Linear Algebra – Orthogonality and least squares – Least-squares problems
A system of equations \(A\mathbf{x}=\mathbf{b}\) is only consistent if \(\mathbf{b}\in\text{Col}(A)\). In practice it often occurs that such a system is inconsistent because of measurement or rounding errors for instance. This is often quite unsatisfactory. In order to solve the system one replaces the vector \(\mathbf{b}\) by a vector that is contained in \(\text{Col}(A)\). In order to minimize the 'error' hereby one should choose that vector in \(\text{Col}(A)\) that is closest to \(\mathbf{b}\): the (orthogonal) projection of \(\mathbf{b}\) onto \(\text{Col}(A)\). A solution of the system of equations obtained in this manner is called a least-squares solution of \(A\mathbf{x}=\mathbf{b}\):
Definition: Suppose that \(A\) is an \(m\times n\) matrix and \(\mathbf{b}\in\mathbb{R}^n\).
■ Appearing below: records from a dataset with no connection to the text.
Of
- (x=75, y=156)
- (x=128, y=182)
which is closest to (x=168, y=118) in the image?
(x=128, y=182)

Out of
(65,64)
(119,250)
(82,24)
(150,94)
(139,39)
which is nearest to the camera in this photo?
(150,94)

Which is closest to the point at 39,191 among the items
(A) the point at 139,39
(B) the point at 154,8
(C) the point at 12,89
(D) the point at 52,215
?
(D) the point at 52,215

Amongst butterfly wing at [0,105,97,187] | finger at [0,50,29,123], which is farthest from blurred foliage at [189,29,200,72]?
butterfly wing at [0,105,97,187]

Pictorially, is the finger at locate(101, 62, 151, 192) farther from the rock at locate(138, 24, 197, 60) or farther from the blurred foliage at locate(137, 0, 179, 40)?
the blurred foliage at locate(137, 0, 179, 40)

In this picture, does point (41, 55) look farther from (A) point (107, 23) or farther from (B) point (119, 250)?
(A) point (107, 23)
Then \(\hat{\mathbf{x}}\in\mathbb{R}^n\) is called a least-squares solution of \(A\mathbf{x}=\mathbf{b}\) if \(||\mathbf{b}-A\hat{\mathbf{x}}||\leq||\mathbf{b}-A\mathbf{x}||\) for all \(\mathbf{x}\in\mathbb{R}^n\).
The finding of such a least-squares solution comes down to minimalizing the distance \(||\mathbf{b}−A\mathbf{x}||\) or equivalently of \(||\mathbf{b}−A\mathbf{x}||^2\), being a sum of squares. That explains the phrase "least-squares solution".
Now we will look for such a least-squares solution. Suppose that \(\hat{\mathbf{b}}=\text{proj}_{\text{Col}(A)}\mathbf{b}\), then \(A\mathbf{x}=\hat{\mathbf{b}}\) is consistent. Suppose that \(\hat{\mathbf{x}}\) is a solution, then we have: \(A\hat{\mathbf{x}}=\hat{\mathbf{b}}\). Then we have that \(\mathbf{b}-\hat{\mathbf{b}}\) is orthogonal to \(\text{Col}(A)\). So: \(\mathbf{b}−A\hat{\mathbf{x}}\) is orthogonal to every column of \(A\). If \(\mathbf{a}_j\) is such a column of \(A\), then we have: \(\mathbf{a}_j\cdot(\mathbf{b}-A\hat{\mathbf{x}})=0\) or equivalently \(\mathbf{a}_j^T(\mathbf{b}-A\hat{\mathbf{x}})=0\). This holds for each \(j=1,2,\ldots,n\), so:
\[A^T(\mathbf{b}-A\hat{\mathbf{x}})=\mathbf{0}\quad\Longleftrightarrow\quad A^T\mathbf{b}-A^TA\hat{\mathbf{x}}=\mathbf{0} \quad\Longleftrightarrow\quad A^T\hat{\mathbf{x}}=A^T\mathbf{b}.\]The latter system of equations is referred to as the normal equations:
Theorem: The set of least-squares solutions \(\hat{\mathbf{x}}\) of \(A\mathbf{x}=\mathbf{b}\) corresponds to the nonempty set of solutions of the normal equations: \(A^T\hat{\mathbf{x}}=A^T\mathbf{b}\).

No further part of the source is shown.